To do —
Reproduce exactly the lines of this material that begin at the line with "Fashion Union Plus" and end at the line with "L-shape Corduroy 5-pieces", both included. Omit the pictures and everything else.

Supplied material —
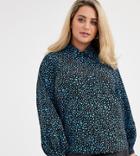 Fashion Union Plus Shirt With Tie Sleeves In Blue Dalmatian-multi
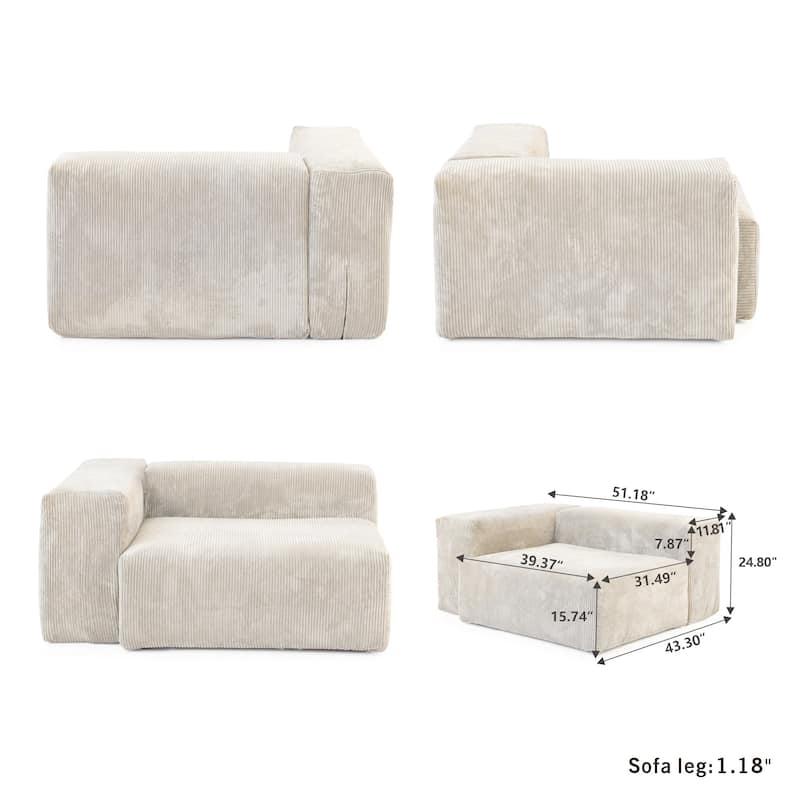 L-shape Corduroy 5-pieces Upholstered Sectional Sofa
--
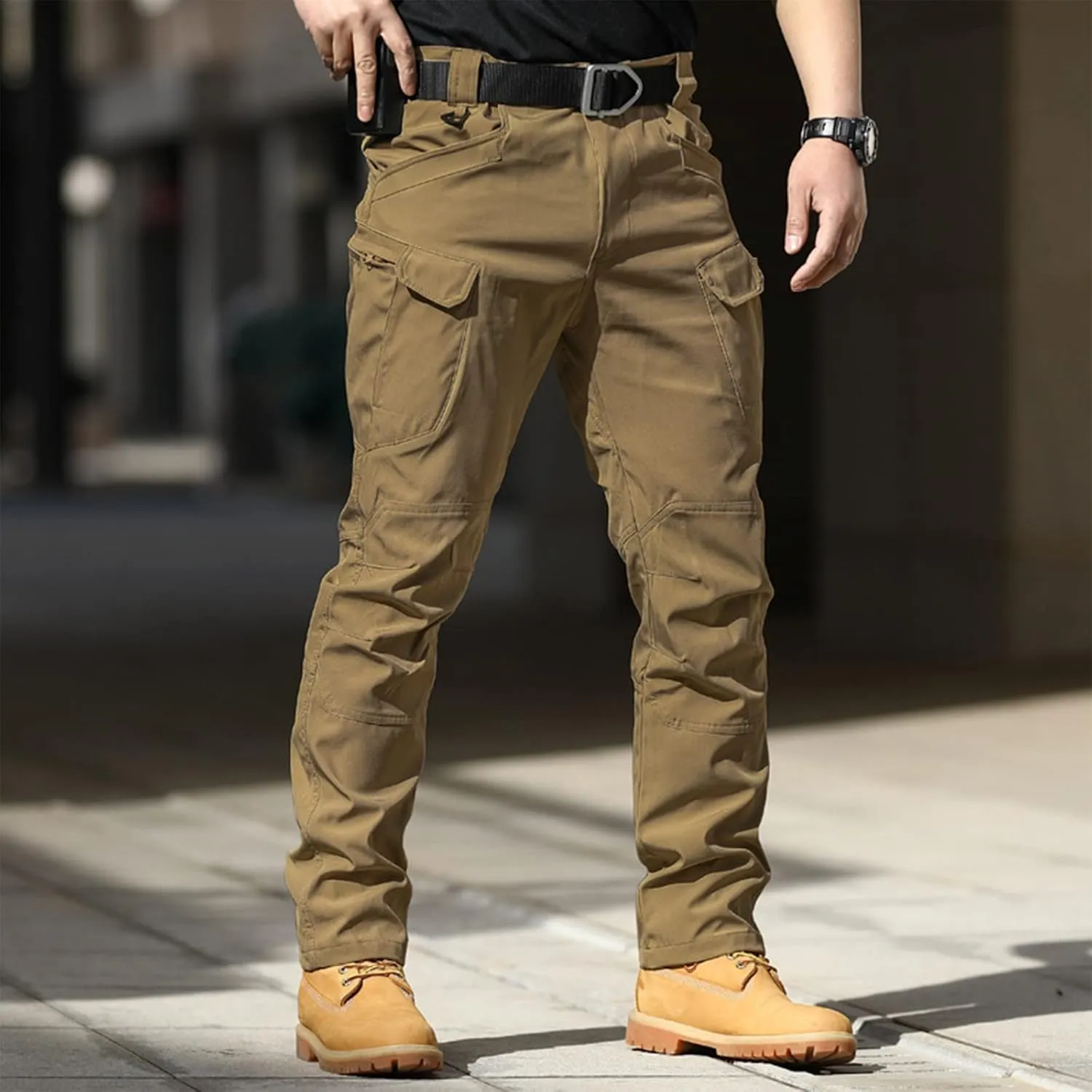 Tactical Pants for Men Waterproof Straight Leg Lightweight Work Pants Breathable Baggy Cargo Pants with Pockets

Response below —
 Fashion Union Plus Shirt With Tie Sleeves In Blue Dalmatian-multi
 L-shape Corduroy 5-pieces Upholstered Sectional Sofa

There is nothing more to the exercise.